• _About this exercise_
Run through the records and show each line that includes the string "with".

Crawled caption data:
---

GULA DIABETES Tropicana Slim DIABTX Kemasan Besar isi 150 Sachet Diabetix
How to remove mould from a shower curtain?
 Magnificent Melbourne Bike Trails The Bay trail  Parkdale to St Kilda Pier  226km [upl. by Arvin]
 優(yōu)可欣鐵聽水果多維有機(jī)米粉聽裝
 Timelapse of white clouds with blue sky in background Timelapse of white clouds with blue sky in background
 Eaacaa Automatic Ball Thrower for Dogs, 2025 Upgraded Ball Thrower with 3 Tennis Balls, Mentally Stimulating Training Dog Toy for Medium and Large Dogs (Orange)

---

• _Written reply_
 Timelapse of white clouds with blue sky in background Timelapse of white clouds with blue sky in background
 Eaacaa Automatic Ball Thrower for Dogs, 2025 Upgraded Ball Thrower with 3 Tennis Balls, Mentally Stimulating Training Dog Toy for Medium and Large Dogs (Orange)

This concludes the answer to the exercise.